Please give every line below again exactly, but not its pictures.

DATA FOR REVIEW:
+-------+

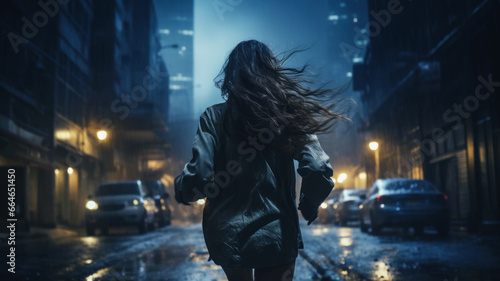 Scared woman runs down dark city street at night alone, adult girl escapes in rain, back view. Female person like in thriller or horror movie. Concept of terror photo
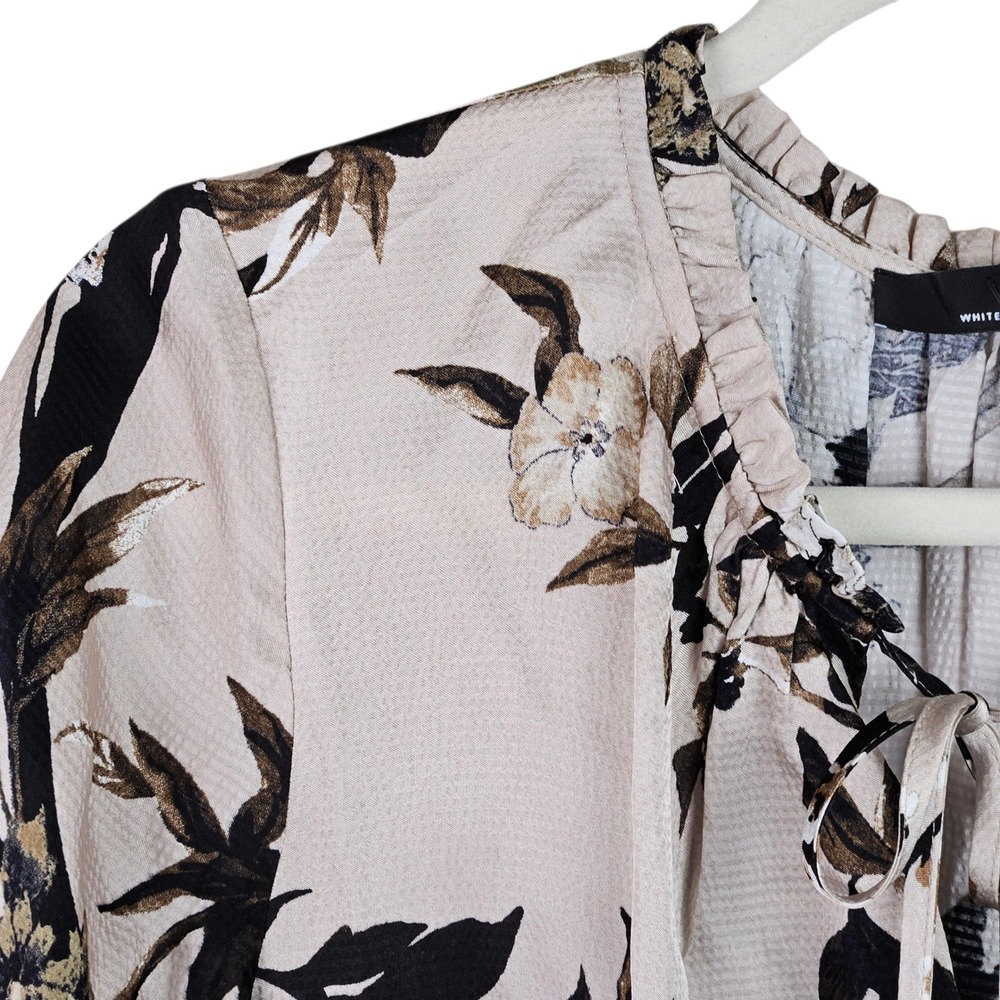 White House Black Market Floral Tie Neck Long‎ Sleeve Smocked Blouse Size S - Picture 2 of 10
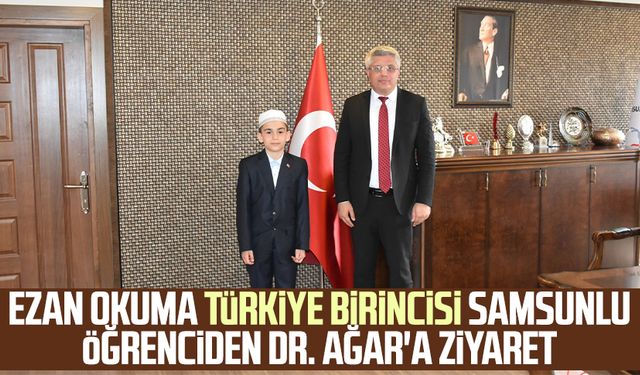 Ezan okuma Türkiye birincisi Samsunlu Emin Kayra Eke'den Dr. Murat Ağar'a ziyaret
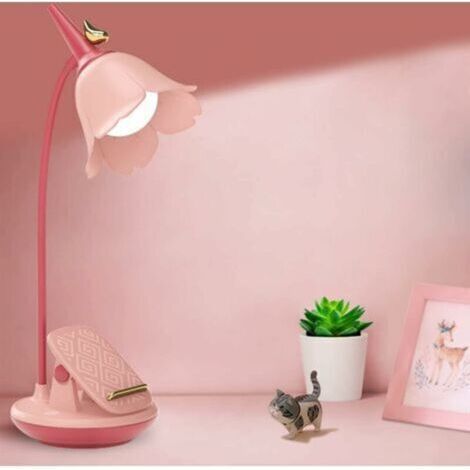 Lampe de bureau rose avec pince, petite lampe de bureau LED rechargeable, col de cygne réglable, lampe de bureau mignonne à intensité variable (1/5)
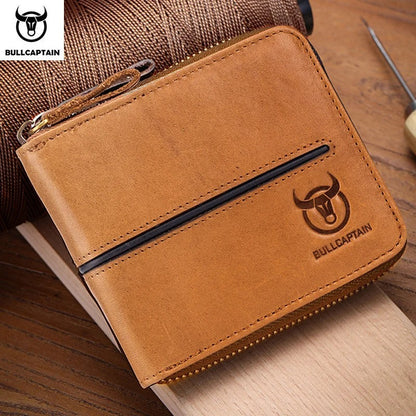 Carteira Masculina em Couro Bullcaptain Retro com Proteção RFID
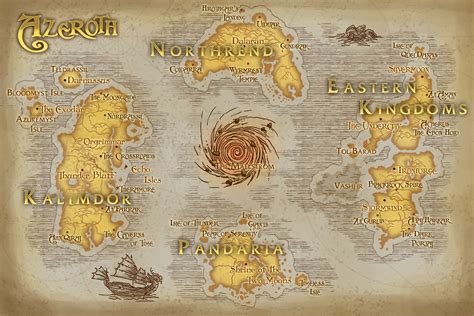 Map Of Azeroth World Of Warcraft Map Azeroth Map Warcraft Map Gambaran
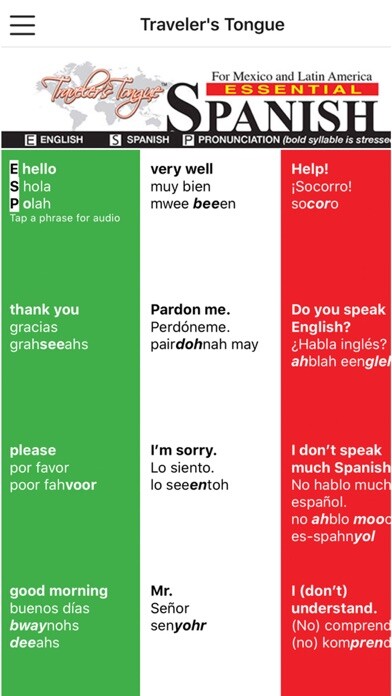 Emulate iPhone app Essential Spanish for Mexico using MyAndroid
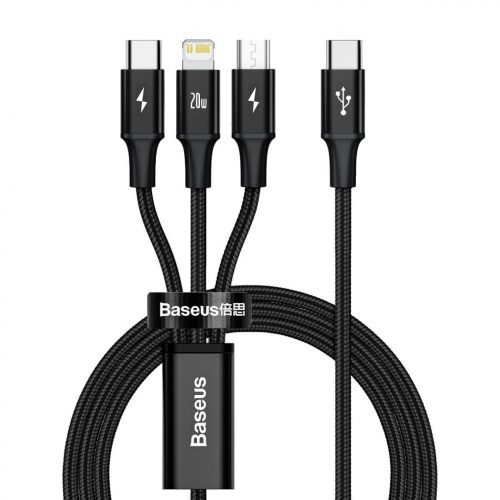 Baseus Rapid Series 3 az 1-ben kábel, micro-USB / Lightning / USB-C, 20 W, 1,5 m (fekete)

+-------+

YOUR SOLUTION:
 Scared woman runs down dark city street at night alone, adult girl escapes in rain, back view. Female person like in thriller or horror movie. Concept of terror photo
 White House Black Market Floral Tie Neck Long‎ Sleeve Smocked Blouse Size S - Picture 2 of 10
 Ezan okuma Türkiye birincisi Samsunlu Emin Kayra Eke'den Dr. Murat Ağar'a ziyaret
 Lampe de bureau rose avec pince, petite lampe de bureau LED rechargeable, col de cygne réglable, lampe de bureau mignonne à intensité variable (1/5)
 Carteira Masculina em Couro Bullcaptain Retro com Proteção RFID
 Map Of Azeroth World Of Warcraft Map Azeroth Map Warcraft Map Gambaran
 Emulate iPhone app Essential Spanish for Mexico using MyAndroid
 Baseus Rapid Series 3 az 1-ben kábel, micro-USB / Lightning / USB-C, 20 W, 1,5 m (fekete)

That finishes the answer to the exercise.